多元函数链式法则与反向传播算法的实例推演
反向传播算法基于多元函数链式法则,以下记录多元函数链式法则的证明与反向传播算法的实例推演。
多元复合函数的求导法则(多元链式法则)
定义
如果函数$u=\varphi(t)$及$v=\psi(t)$都在点$t$可导,函数$z = f(u,v)$在对应点$(u,v)$具有连续偏导数(重点),那么复合函数$z = f[\varphi(t),\psi(t)]$在点$t$可导,且有:
$\displaystyle \frac{\mathrm{d}z}{\mathrm{d}t} = \frac{\partial z}{\partial u}\frac{\mathrm{d}u}{\mathrm{d}t}+ \frac{\partial z}{\partial v}\frac{\mathrm{d}v}{\mathrm{d}t} $
证明
设$t$获得增量$\Delta t$,此时$u = \varphi(t),v = \psi(t)$的对应增量为$\Delta u,\Delta v$,由此,$z=f(u,v)$获得增量$\Delta z$。因为函数$z = f(u,v)$在点$(u,v)$有连续偏导数,于是全增量$\Delta z$可表示为(全微分的充分条件):
$\displaystyle\Delta z = \frac{\partial z}{\partial u}\Delta u+ \frac{\partial z}{\partial v}\Delta v+\varepsilon_1\Delta u+\varepsilon_2\Delta v$
这里有,当$\Delta u\to 0,\Delta v\to 0$时,有$\varepsilon_1\to0,\varepsilon_2\to 0$。
上式两边各除以$\Delta t$,得:
$\displaystyle\frac{\Delta z}{\Delta t} = \frac{\partial z}{\partial u}\frac{\Delta u}{\Delta t}+ \frac{\partial z}{\partial v}\frac{\Delta v}{\Delta t}+\varepsilon_1\frac{\Delta u}{\Delta t}+\varepsilon_2\frac{\Delta v}{\Delta t}$
于是,取极限$\Delta t\to0$,就有:
$\displaystyle \frac{\mathrm{d}z}{\mathrm{d}t} = \frac{\partial z}{\partial u}\frac{\mathrm{d}u}{\mathrm{d}t}+ \frac{\partial z}{\partial v}\frac{\mathrm{d}v}{\mathrm{d}t} $
得证。(主要功劳在于它有连续偏导数,于是有全微分,才能用来加)
而神经网络中的多元函数大多是仿射函数(Softmax不是,但是也符合可微条件),符合上述全微分的充分条件,所以可以使用反向传播来计算所有参数的梯度。
反向传播算法的实例推演
反向传播的过程与公式推导(点击链接)不难,主要就是运用上述的多元函数链式法则。
但是看完原理后,代码如何实现呢?有个疑问就是,第n层的一个参数$w$,要使用第n+1层所有相关导数的累加,假设需要累加$n$次;而第n+1层的相关导数,又要第n+2层的所有相关导数的相关导数的累加,假设累加$m$次。也就是说,对于第n层的这个参数的导数,仅通过两层就要计算$n\times m$次。如此嵌套下去,要进行的加和运算似乎是指数级上升,这样是肯定不行的。可以想到,某些中间结果需要暂存,以防止上述重复计算。以下直接举一个具体的例子来说明。
定义一个全连接网络,规模与各层激活函数如下图所示:
如图所示,神经网络使用MSE来作为损失函数。网络使用随机梯度下降,即每次传入一个样本。实际上,使用MSE时,批量梯度下降每次更新的梯度是批次中各个样本点梯度的简单相加,与随机梯度下降相比并没有其他复杂操作,所以这里只举随机梯度下降的为例。
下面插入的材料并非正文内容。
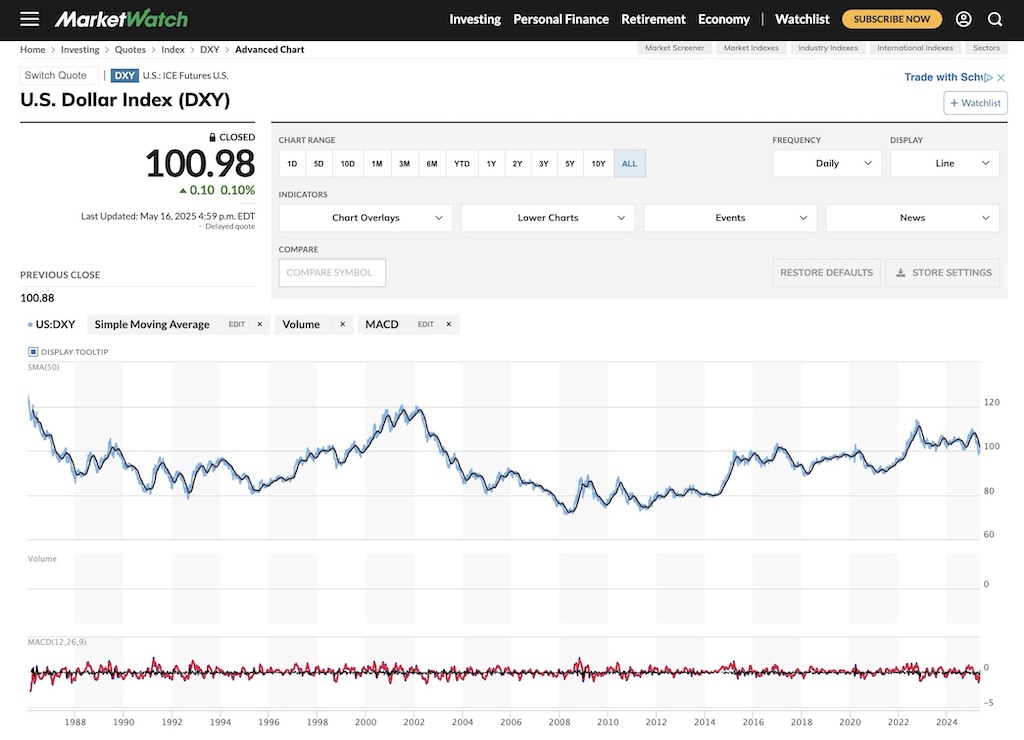 Gold-Nose-Dives-To-Current-Low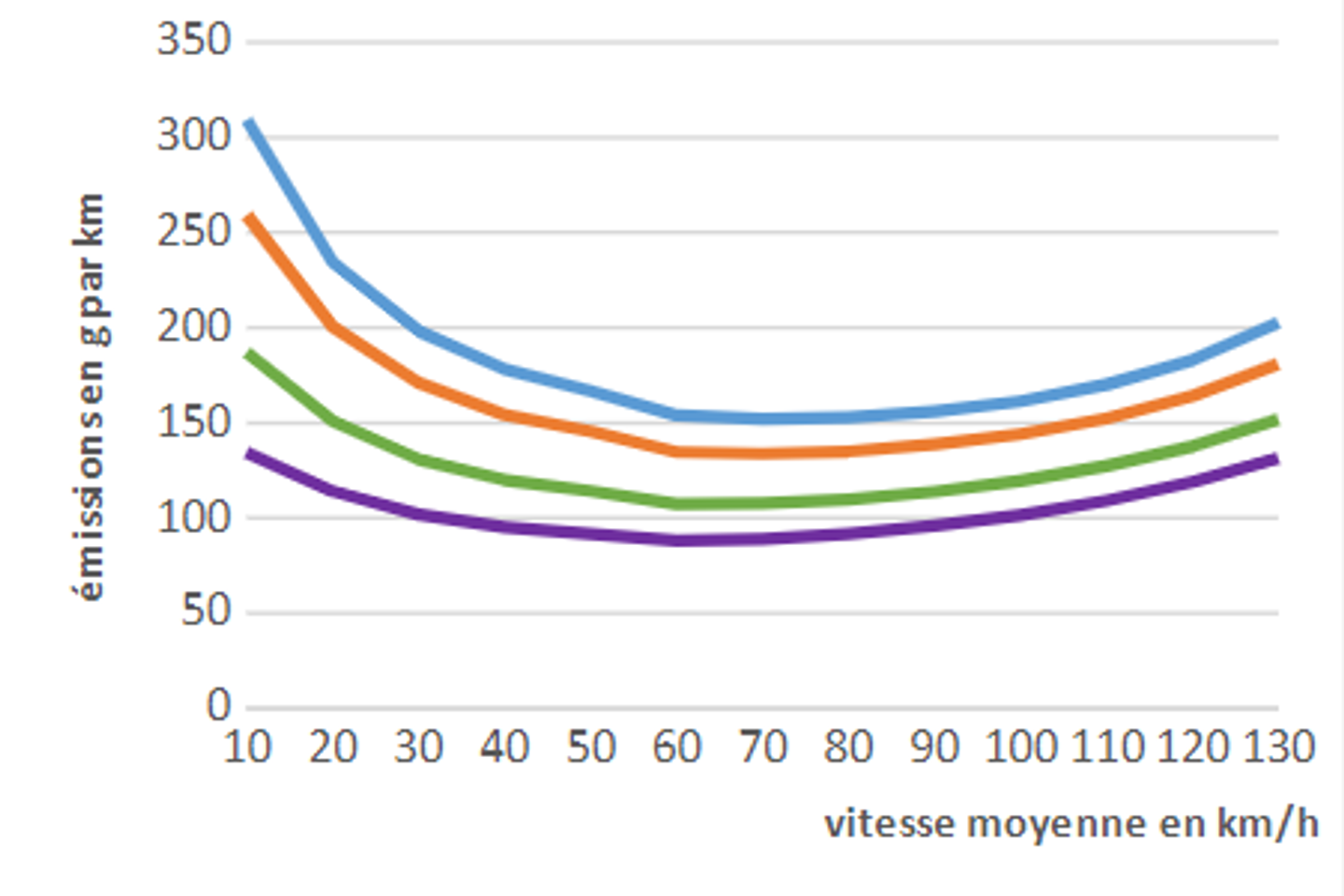 Une Etude Montre Qu A 30 Km H On Pollue Plus Qu A 50 Km H La Mauvaise Interpretation De Xavier Bertrand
每一层的操作都已在图中标出。其中$x\in R^4,y\in R^3$分别是样本的特征向量和标记向量;$h\in R^5,g\in R^6,f\in R^3$分别是输入层、隐层、输出层的输出向量;$w^k,b^k$分别是第$k$层用于仿射运算的矩阵和偏置向量,$i^k$是仿射运算的结果;$\delta(x)$是ReLu激活函数(对向量元素进行的运算),$\sigma(x)$是Softmax激活函数(对向量进行的运算)。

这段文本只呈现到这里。